Aquel primer día les pregunté a mis alumnos cuál era el objeto de la literatura, por qué hemos de molestarnos en leer literatura. Fue una manera extraña de empezar, pero conseguí atraerme su atención. Expliqué que durante el semestre leeríamos y comentaríamos a varios autores que sólo tenían en común el hecho de haber sido subversivos. Unos, como Gorki o Gold, eran abiertamente subversivos por sus objetivos políticos; otros, como Fitzgerald y Mark Twain, eran en mi opinión más subversivos, aunque no se notara tanto. Les dije que volveríamos sobre esta palabra porque para mí su significado era ligeramente distinto de la definición habitual. Escribí en la pizarra una frase de T. W. Adorno que me gustaba mucho: ’La más alta forma de moralidad es sentirse extraño en la propia casa.’ Expliqué que la finalidad de casi todas las grandes obras de imaginación era hacer que nos sintiéramos como extraños en nuestra propia casa. La mejor literatura siempre nos obligaba a cuestionarnos lo que dábamos por sentado. Ponía en duda las tradiciones y las esperanzas cuando parecían inmutables. Les dije a mis alumnos que quería que al leer aquellas obras pensaran en cómo les afectaban, les inquietaban, les hacían mirar alrededor y ver el mundo, como Alicia en el País de las Maravillas, con otros ojos.”

 

Azar Nafisi, Leer Lolita en Teherán. Una historia de amor, libros y Revolución

 

 

 

2 comentarios

Polikarpov -

No te pierdas el ensayo: Una historia de la lectura de Alberto Manguel, un librito currado y fascinante sobre libros y lectores y sobre el miedo que ha tenido siempre a los libros el poder. Curioso que esa cosa frágil de papel y letras pegadas haya acojonado tanto a dictadores y tiranos (y sigue acojonando)

ateopoeta -

Gracias a Alexia por conducirme a este estupendo libro.
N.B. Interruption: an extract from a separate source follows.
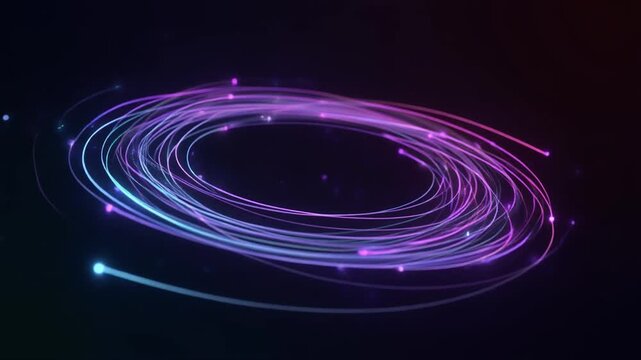 Seamless looping ultra soft cinematic micro particles slow random orbits faint glowing trails subtle luminous refined visuals motion gradient shimmer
Me imagino que también le encantará a mis queridas filólogas "de Logroño", Bea y Cris, dado que la narradora es profesora de literatura inglesa. Es curioso que fuese Cris quien me regaló el libro de Benjamín Prado sobre los hijos de republicanos que, seguro, también le gustará a Alexia dado su activismo en la recuperación de la memoria de las Brigadas Internacionales. En fin, es hermoso ver cómo se cruzan muchos caminos y libros en nuestra trama de inconformismo con este mundo tan lleno de sádicos y cómplices.